Task brief:
Transcribe the whole listing without a single picture.

Information shown:
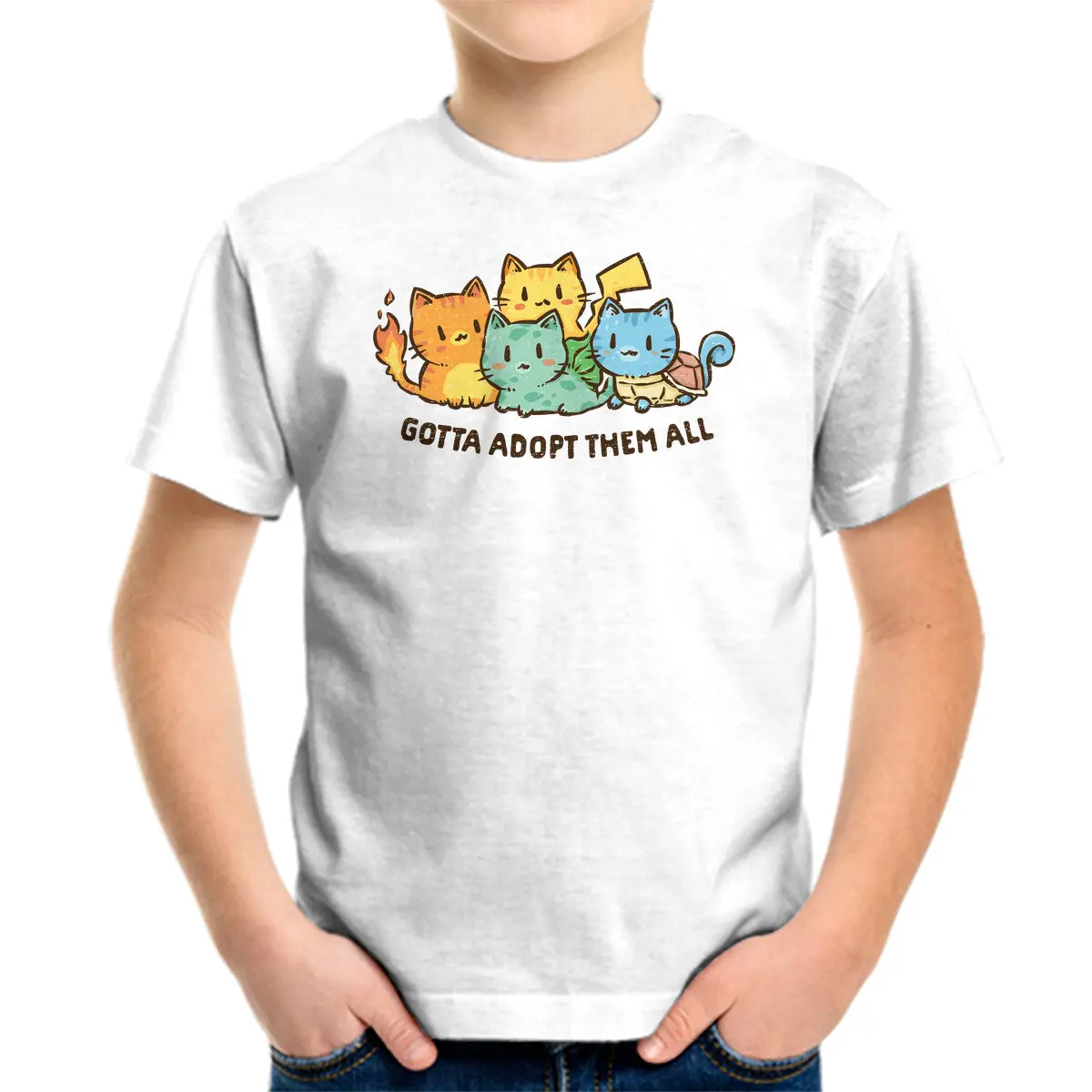 Gotta Adopt Them All 1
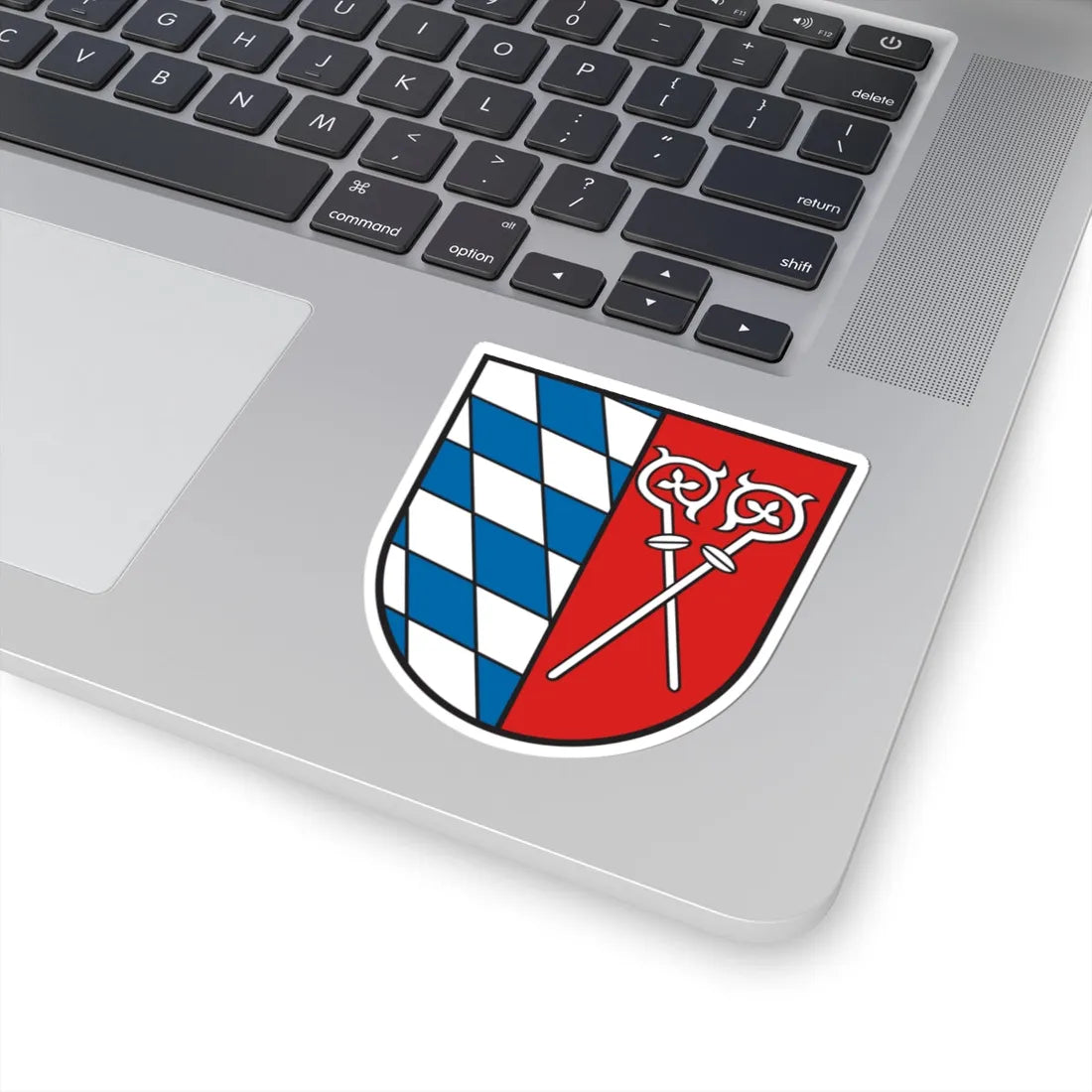 Wappen Landkreis Bad Toelz (Germany) (Coat of Arms) STICKER Vinyl Kiss-Cut Decal - The Sticker Space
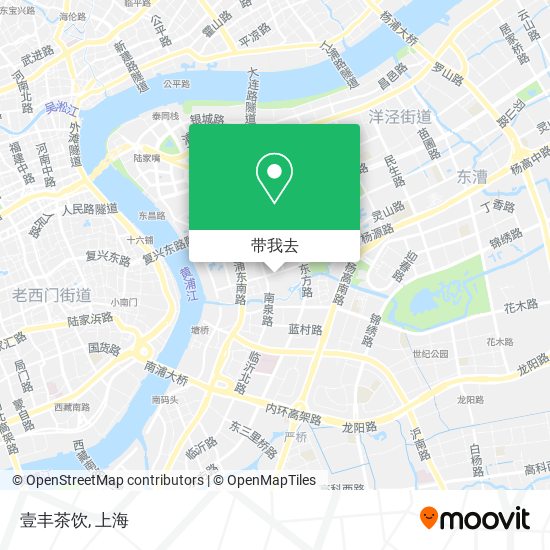 壹丰茶饮地图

Exercise solution:
 Gotta Adopt Them All 1
 Wappen Landkreis Bad Toelz (Germany) (Coat of Arms) STICKER Vinyl Kiss-Cut Decal - The Sticker Space
 壹丰茶饮地图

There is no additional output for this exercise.